May 2022 has us hooked with underrated content on Netflix with films in different languages that were dubbed in English, a feel-good TV show that felt like warm soup on a cold day!
While the Cannes Film Festival kept us rather occupied this month, a lot of our nights were spent watching underrated content on Netflix like One Day at a Time which talks about a Cuban-American family dealing with life and everything in between, Otherhood which literally captured the essence of Indian moms and The Takedown that reminded us of an episode of CID! F*ck Love Too was quite a bummer too!
Check out our detailed reviews here!
A Danish Netflix Original, F*ck Love Too is a sequel to the 2019 film, F*ck de Liefde where three love stories are introduced!

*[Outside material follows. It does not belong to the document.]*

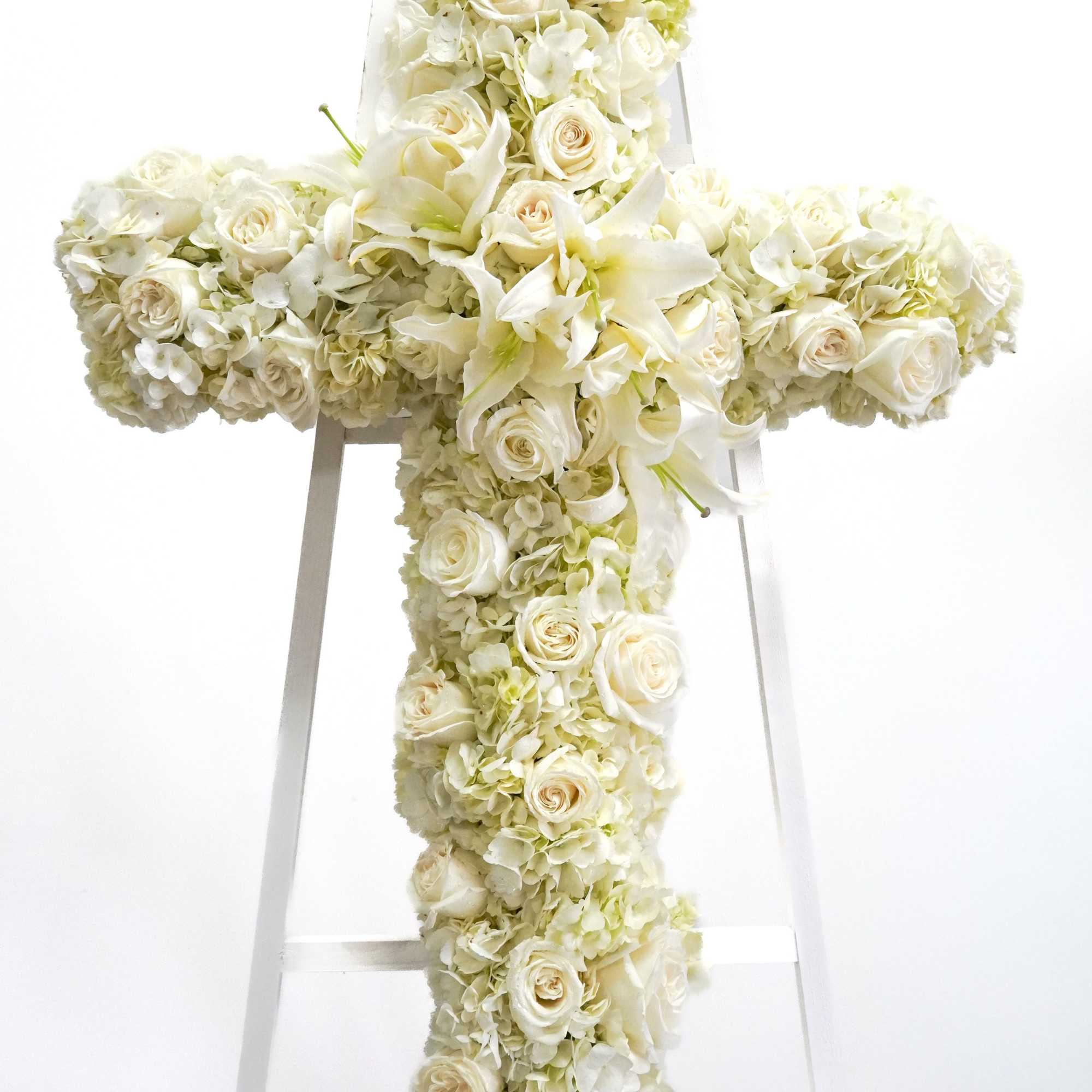 White floral cross on a stand with roses and lilies, photo 2 of 2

And this sequel bites off more than it can chew with Lisa’s love triangle, Bo’s rocky relationship with Said, Lisa’s ex-husband, Jack, fathering babies with two different women, Angela falling for a man she slept with who is secretly a hooker, and Kiki having cold feet before her wedding! Did you lose track? Well, we don’t blame you!
A French follow-up to the 2012 French-produced buddy-cop action-comedy, On the Other Side of the Tracks, The Takedown feels like the perfect fit for mediocre television given the half-baked storyline, unbelievably naive protagonists, and a rather poor attempt at satire in this genre! It attempts at paying homage to 80s classics like Lethal Weapon but turns out to be a lot less interesting than it thinks itself to be!
A reimagining of the 1975 series by the same name, One Day at a Time tackles modern life and its problems while being strongly rooted in traditional family values. Watching a 3 generation Cuban American family deal with life while being deeply invested in each others’ lives feels like you’re right back at home! This TV series is a warm and empathetic family sitcom that’s dedicated to showing you how families can hold space for different perspectives when faced with conflict.
An overbearing mom or a smothering one who won’t meet you halfway, as Indians, we’ve learned to deal with ’em mothers by setting boundaries, explaining things time and again, and fighting for what we want, all to no avail. That’s the deal with mothers; we love them, we hate them, we can’t live without them! More importantly, over time, we start to see them for the individuals they are, which makes it possible to empathize with how hard this journey is for them. And Otherhood captures all of this throughout its 1 hour 40 minutes.
Which of these have you watched already?